To most of you in the english speaking regions, the name Pupi Avati most likely doesn’t ring a bell., but movie buffs may remember him as the director of The House With The Laughing Windows, and this movie (title translates to “Mr. Devil”, roughly, and came out a couple of days ago in Italy) marks its return to the horror genre since 1996’s The Mysterious Enchanter.
Set in the northern Italy of 1952, the movie follows a ministry inspector, Furiò (yes, with an “i”) Momentè, tasked to clean the reputation of the church regarding the murder of a teen, believed to be possessed by the locals, killed by a fourtheen year old boy named Carl. As he travels to Venice to investigate, he reads the reports of previous interrogatories with the boy, learning of how Carl and his friend Paul lived happily, until the arrival of Emilio, the deformed single heir of a powerful woman, and popular opinion is that he tore to pieces his own little sister.
Paul shows off and publicly humiliates Emilio, whom, angered, snarls at him with monstruous teeth, and weird things start happening in the archaic small town, still largely beholden to supersistion and a tangible, fearful belief in the Devil.

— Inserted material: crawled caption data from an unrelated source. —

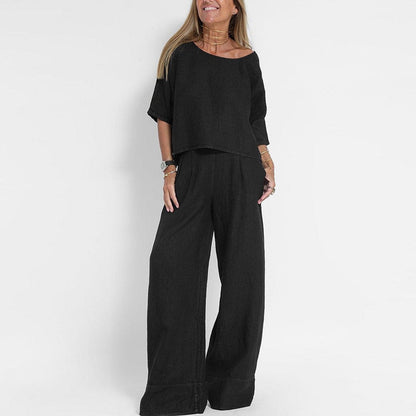 Hannah Young Linen-Blend Two-Piece Top and Wide-Leg Trouser Set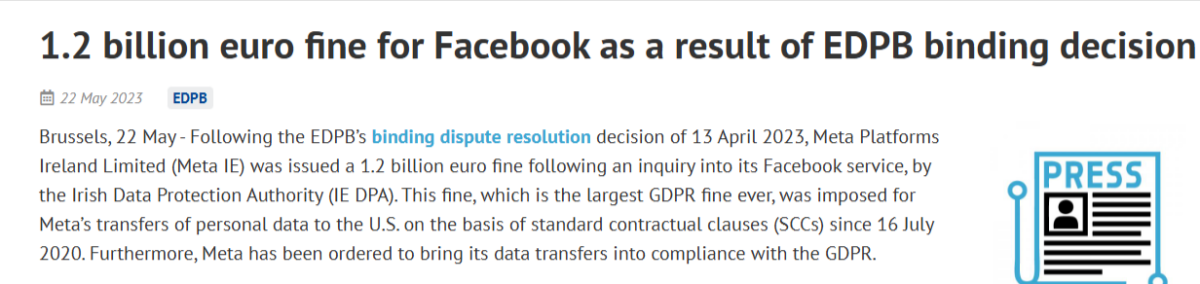 Headline “1.2 billion euro fine for Facebook” with EDPB ruling summary under TECHi branding.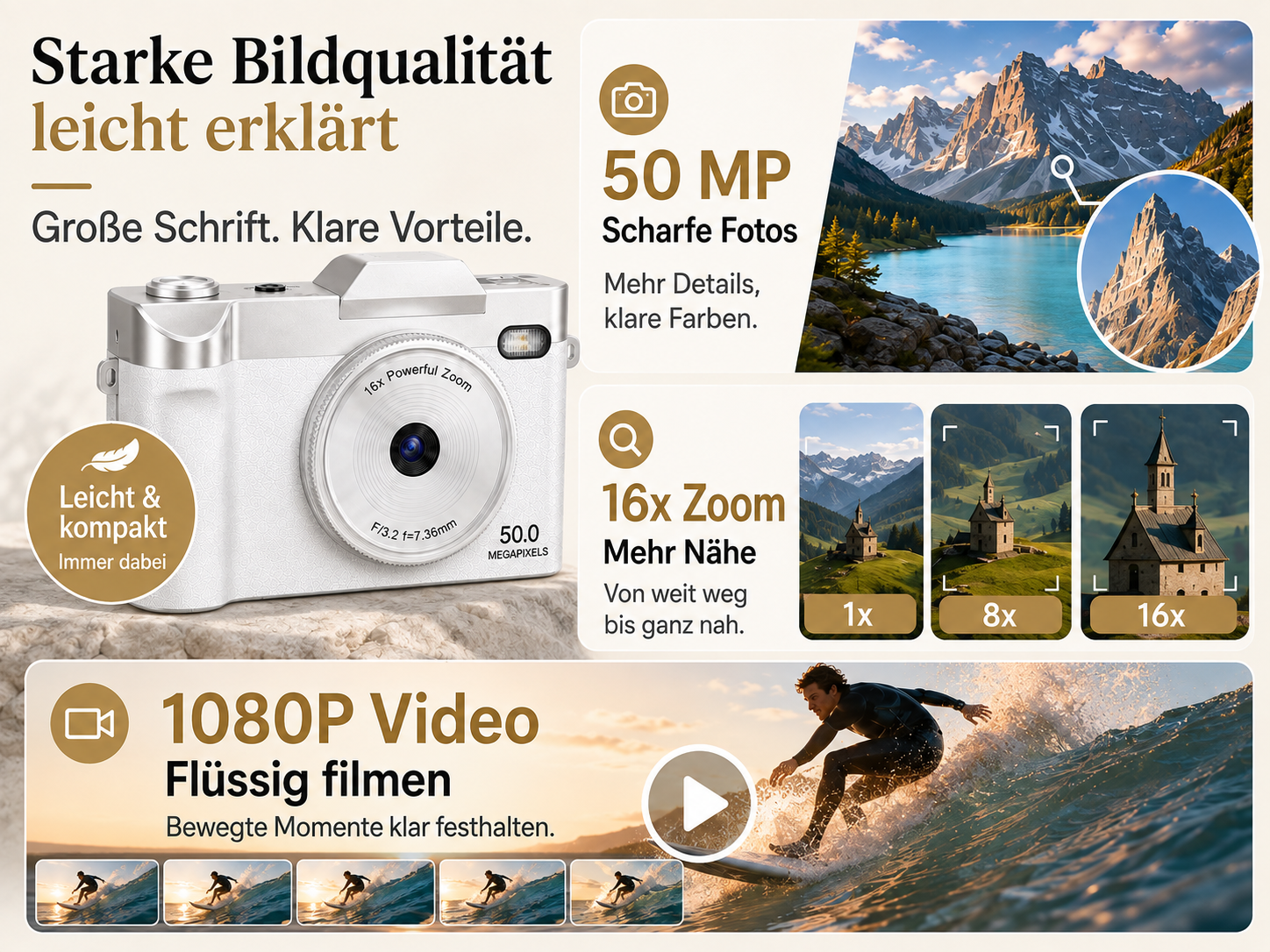 Eine weiße Kompaktkamera mit 50 MP, 16x Zoom und 1080p Video, beworben mit Natur- und Actionfotos.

It’s an old school horror movie, in many ways (there some practical gore done by Sergio Stivaletti, better known for his work with Dario Argento), with a good atmosphere, and it’s intriguing to see the inspector wading through the files and trying to discern the truth, wrapped as it is in a shroud of confusion and beliefs borne from pious peasant minds prone to burn the witch, all serving a conflict of religious and political interests, with an ambiguous but satisfying outcome.
Quite good, despite the “slo-mo” effects being a little too “old school”.